If you show up at 5 till closing time, do they still have to serve you in a restaurant?

daHubby and I were having dinner out this week and wondered if you showed up at say, 5 to 10 minutes before a restaurant closes, is the restaurant obligated to serve you or can they turn you away?

They can throw your butt out in the street for any reason that doesn’t involve discrimination against a given class. Show up just before closing and they don’t like the color of your money? You’re gone. The color of your skin? You have a lawsuit in the making.

They’re not obligated to serve you in any legal sense. However, it’s likely that the management of the establishment would insist you be served.

But I avoid that situation at all costs. Do you really want your food to be prepared and served by resentful staff that were looking forward to completing their end-of-shift tasks and going home, and are looking for shortcuts to get you out the door? Me either!
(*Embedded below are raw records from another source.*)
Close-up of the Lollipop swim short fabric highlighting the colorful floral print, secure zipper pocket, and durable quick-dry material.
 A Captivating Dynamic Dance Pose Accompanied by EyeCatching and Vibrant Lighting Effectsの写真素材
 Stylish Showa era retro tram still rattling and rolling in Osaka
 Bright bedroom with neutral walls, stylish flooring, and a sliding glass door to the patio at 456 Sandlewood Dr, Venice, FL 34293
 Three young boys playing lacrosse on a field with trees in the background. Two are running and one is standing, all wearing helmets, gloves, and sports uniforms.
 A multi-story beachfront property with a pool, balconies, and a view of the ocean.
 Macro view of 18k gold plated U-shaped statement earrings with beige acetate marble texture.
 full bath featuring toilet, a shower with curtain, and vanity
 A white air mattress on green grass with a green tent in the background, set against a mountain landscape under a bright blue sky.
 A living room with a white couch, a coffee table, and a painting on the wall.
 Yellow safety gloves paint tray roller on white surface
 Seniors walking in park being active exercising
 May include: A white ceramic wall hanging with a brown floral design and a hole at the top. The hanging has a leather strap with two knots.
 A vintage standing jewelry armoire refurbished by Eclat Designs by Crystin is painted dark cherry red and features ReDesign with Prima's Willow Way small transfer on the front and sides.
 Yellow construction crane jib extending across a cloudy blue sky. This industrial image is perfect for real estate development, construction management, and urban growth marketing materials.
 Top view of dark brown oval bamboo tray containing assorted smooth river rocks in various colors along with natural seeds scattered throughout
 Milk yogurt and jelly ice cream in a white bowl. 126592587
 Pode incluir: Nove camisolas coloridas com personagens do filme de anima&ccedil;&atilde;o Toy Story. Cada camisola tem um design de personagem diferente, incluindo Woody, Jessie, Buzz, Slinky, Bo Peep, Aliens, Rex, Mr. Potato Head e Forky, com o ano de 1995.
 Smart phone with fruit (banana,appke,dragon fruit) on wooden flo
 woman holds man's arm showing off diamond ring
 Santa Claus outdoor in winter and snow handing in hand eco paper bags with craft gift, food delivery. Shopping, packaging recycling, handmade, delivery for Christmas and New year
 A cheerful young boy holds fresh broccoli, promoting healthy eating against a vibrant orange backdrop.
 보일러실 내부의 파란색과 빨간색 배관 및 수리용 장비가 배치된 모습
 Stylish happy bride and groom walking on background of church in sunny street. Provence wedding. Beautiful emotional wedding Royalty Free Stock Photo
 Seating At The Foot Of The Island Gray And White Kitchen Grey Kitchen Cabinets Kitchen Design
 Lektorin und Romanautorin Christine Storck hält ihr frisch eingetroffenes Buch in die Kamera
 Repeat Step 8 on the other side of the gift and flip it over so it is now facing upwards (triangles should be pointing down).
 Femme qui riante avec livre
Yeah, if we can’t get to the restaurant in plenty of time and we’re not wanting to cook, it’s the 24 hour drive-in. I can only imagine how much of a pisser it is for restaurant staff to have to deal with people who show up shortly before closing.

don’t restaurants have a cut off for ‘last order’ and a closed sign put up at the door while the rest of the patrons take their time to finish up?

Most places I know will say “The kitchen closes at X:00 o’clock” which is usually at least 30 minutes, and usually an hour before they intend to lock the doors.

It depends on the restaurant but plenty of wait and kitchen staff know their ‘real’ closing time might be hours after the stated closing time. Even customers who arrived an hour before scheduled closing might just be contemplating dessert at 5 till. “Chocolate souffle anyone? It only takes 90 minutes and it is superb here!”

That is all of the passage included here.